Salmonid Restoration Federation

Project Team Qualifications

Salmonid Restoration Federation (SRF) was formed in 1986 to help stream restoration practitioners advance the art and science of watershed restoration. Salmonid Restoration Federation promotes restoration, stewardship, and recovery of California native salmon, steelhead, and trout populations through education, collaboration, and watershed capacity building. Our goals are to restore and recover California salmonids, improve water quality in California watersheds, and enhance watershed restoration efforts in California.
SRF is based in Humboldt County and we have been actively engaged in low flow monitoring, planning, and water conservation outreach in the Redwood Creek tributaries of the South Fork Eel River for over five years including providing technical education and assistance, conducting targeted education and outreach, low flow monitoring, and producing a feasibility study and target flow memo with the proposed project team.
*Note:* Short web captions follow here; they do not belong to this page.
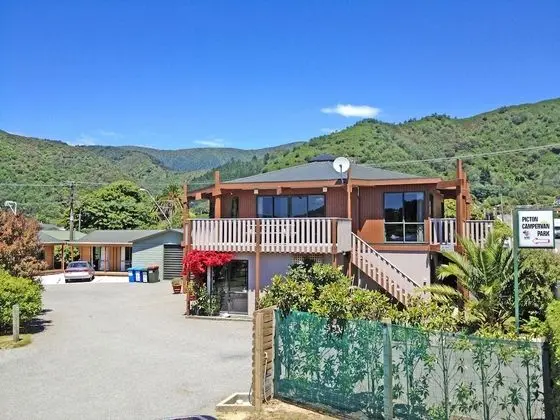 Picton Campervan Park - Dış Mekan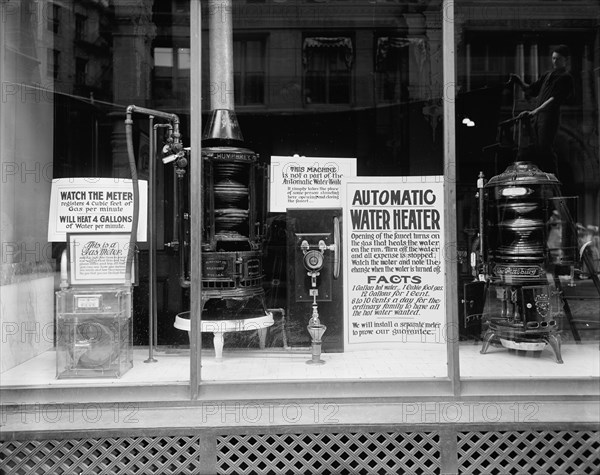 Detroit City Gas Company office, heater, Detroit, Mich., between 1905 and 1915. Creator: Unknown.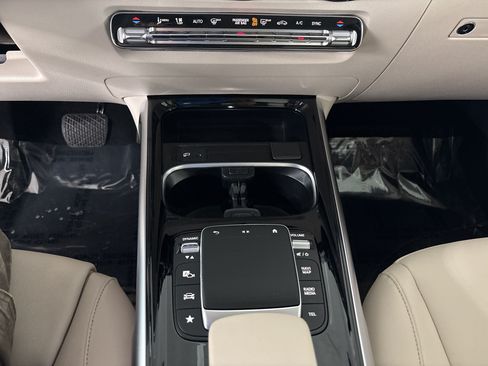 Used 2022 Mercedes-Benz GLB 250 image 18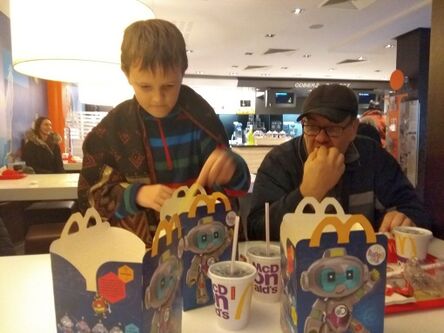 Піцерія з електронними табло для замовлень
SRF is uniquely qualified to perform the proposed work based on our successful history of providing technical education and planning within the proposed watershed. SRF has developed strong working relationships with landowners, stakeholders, and the regulatory agencies focused on this important watershed.
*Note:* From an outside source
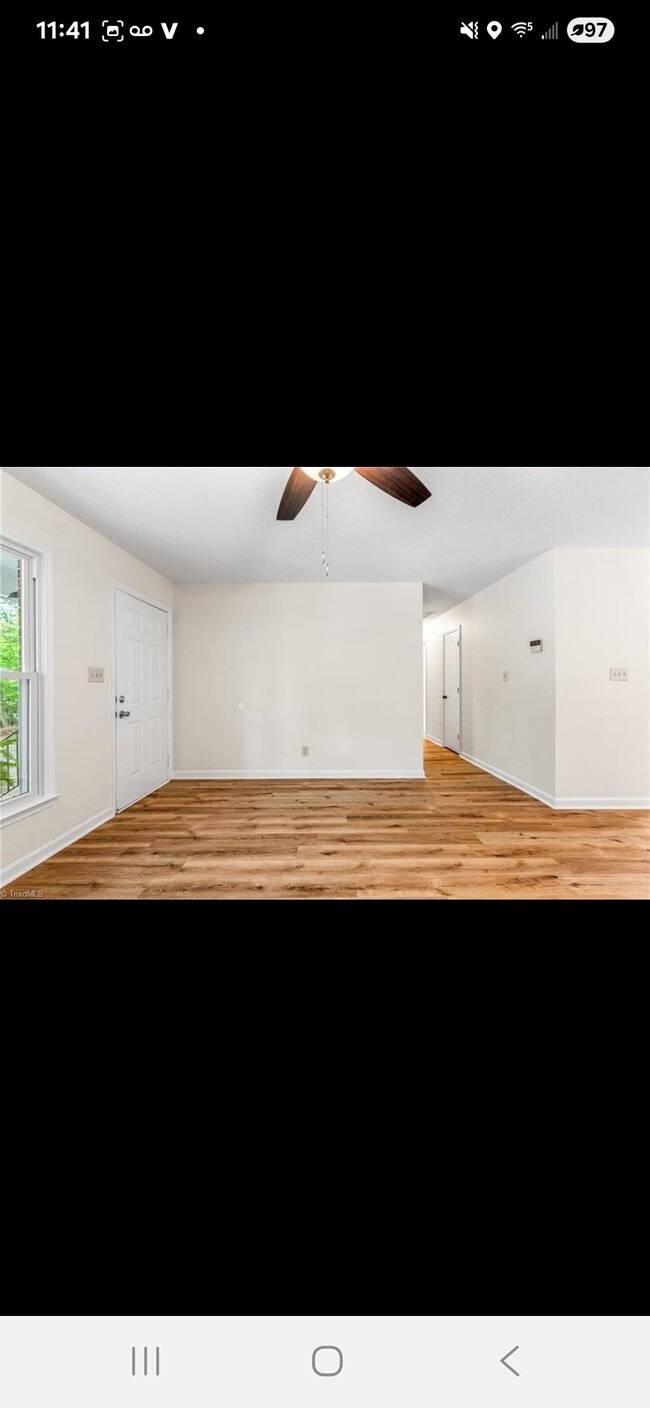 Living room/Hallway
Stillwater Sciences will support SRF as the technical lead for most aspects of this project. Stillwater is a full-service environmental consulting company specializing in restoration design, hydrology, geomorphology, fisheries, wildlife biology; water quality; and regulatory compliance. Our scientists and engineers have extensive knowledge of local wildlife and hydrologic/geomorphic processes and use this breadth of experience to develop restoration projects that are truly multi-benefit. Stillwater routinely works with multi-stakeholder teams to implement complex scientific studies, develop engineered designs, and comply with regulatory guidelines. Stillwater’s projects related to flow enhancement include:
  • Redwood Creek Flow Enhancement. In partnership with SRF and TU, Stillwater completed flow enhancement planning in a small portion of Redwood Creek adjacent to the town of Briceland. The final Feasibility Study Report included a discussion of hydrology and target flows, prioritized treatment recommendations, and conceptual designs for several high priority projects. More recently, Stillwater Sciences has begun work as the technical lead on two additional flow enhancement projects in Redwood Creek: 1) Flow enhancement designs on the Marshall Ranch for a 15.5 million gallon off-stream pond, and 2) Flow enhancement planning throughout Redwood Creek.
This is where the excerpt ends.